━━━━━ Data to examine ━━━━━
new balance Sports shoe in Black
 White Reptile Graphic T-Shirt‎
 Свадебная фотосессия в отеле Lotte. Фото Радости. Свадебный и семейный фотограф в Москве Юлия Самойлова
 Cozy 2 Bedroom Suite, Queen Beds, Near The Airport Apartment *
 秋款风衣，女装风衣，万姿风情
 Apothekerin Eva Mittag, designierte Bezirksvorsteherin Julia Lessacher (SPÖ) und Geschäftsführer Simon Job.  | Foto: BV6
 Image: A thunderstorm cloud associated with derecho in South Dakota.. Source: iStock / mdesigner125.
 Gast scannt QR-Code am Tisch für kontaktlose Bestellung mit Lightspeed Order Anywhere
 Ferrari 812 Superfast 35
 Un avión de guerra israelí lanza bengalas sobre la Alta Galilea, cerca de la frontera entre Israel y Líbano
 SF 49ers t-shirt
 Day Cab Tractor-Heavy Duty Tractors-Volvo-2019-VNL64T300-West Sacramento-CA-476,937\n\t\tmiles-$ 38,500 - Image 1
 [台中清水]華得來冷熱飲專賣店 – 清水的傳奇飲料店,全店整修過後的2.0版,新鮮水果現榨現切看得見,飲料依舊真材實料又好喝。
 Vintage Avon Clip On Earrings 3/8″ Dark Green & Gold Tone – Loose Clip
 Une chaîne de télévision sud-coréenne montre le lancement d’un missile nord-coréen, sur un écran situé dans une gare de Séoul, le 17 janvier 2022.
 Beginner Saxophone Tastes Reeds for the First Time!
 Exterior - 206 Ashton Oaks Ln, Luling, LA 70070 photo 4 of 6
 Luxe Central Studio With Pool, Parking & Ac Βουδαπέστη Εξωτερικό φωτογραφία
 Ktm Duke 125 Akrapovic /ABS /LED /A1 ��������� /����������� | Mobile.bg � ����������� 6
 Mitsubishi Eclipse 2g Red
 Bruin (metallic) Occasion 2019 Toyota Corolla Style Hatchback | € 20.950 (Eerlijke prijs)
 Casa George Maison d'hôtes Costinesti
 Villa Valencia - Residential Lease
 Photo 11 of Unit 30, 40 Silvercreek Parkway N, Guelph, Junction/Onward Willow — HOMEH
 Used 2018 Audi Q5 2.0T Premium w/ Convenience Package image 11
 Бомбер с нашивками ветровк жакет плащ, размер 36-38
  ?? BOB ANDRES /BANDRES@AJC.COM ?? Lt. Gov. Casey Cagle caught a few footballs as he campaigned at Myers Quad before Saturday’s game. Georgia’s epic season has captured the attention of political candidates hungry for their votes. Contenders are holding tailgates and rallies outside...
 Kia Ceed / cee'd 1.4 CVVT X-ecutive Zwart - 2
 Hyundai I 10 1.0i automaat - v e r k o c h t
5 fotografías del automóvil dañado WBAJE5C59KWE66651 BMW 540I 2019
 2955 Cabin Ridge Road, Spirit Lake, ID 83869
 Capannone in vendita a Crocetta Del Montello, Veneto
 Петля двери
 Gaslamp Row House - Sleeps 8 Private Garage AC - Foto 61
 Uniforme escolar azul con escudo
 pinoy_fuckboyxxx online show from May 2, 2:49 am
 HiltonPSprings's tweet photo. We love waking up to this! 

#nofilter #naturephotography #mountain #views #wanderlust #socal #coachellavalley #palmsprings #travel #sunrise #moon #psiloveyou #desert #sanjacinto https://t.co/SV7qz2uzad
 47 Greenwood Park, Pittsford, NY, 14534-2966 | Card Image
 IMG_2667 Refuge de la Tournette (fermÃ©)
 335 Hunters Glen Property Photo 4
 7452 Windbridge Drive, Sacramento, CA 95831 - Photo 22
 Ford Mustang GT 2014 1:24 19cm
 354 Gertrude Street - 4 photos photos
━━━━━
### [Your goal]
Your reply must contain exactly the lines from the first line of the data through the line holding "Day Cab Tractor-Heavy", and nothing more.

### [Written solution]
new balance Sports shoe in Black
 White Reptile Graphic T-Shirt‎
 Свадебная фотосессия в отеле Lotte. Фото Радости. Свадебный и семейный фотограф в Москве Юлия Самойлова
 Cozy 2 Bedroom Suite, Queen Beds, Near The Airport Apartment *
 秋款风衣，女装风衣，万姿风情
 Apothekerin Eva Mittag, designierte Bezirksvorsteherin Julia Lessacher (SPÖ) und Geschäftsführer Simon Job.  | Foto: BV6
 Image: A thunderstorm cloud associated with derecho in South Dakota.. Source: iStock / mdesigner125.
 Gast scannt QR-Code am Tisch für kontaktlose Bestellung mit Lightspeed Order Anywhere
 Ferrari 812 Superfast 35
 Un avión de guerra israelí lanza bengalas sobre la Alta Galilea, cerca de la frontera entre Israel y Líbano
 SF 49ers t-shirt
 Day Cab Tractor-Heavy Duty Tractors-Volvo-2019-VNL64T300-West Sacramento-CA-476,937\n\t\tmiles-$ 38,500 - Image 1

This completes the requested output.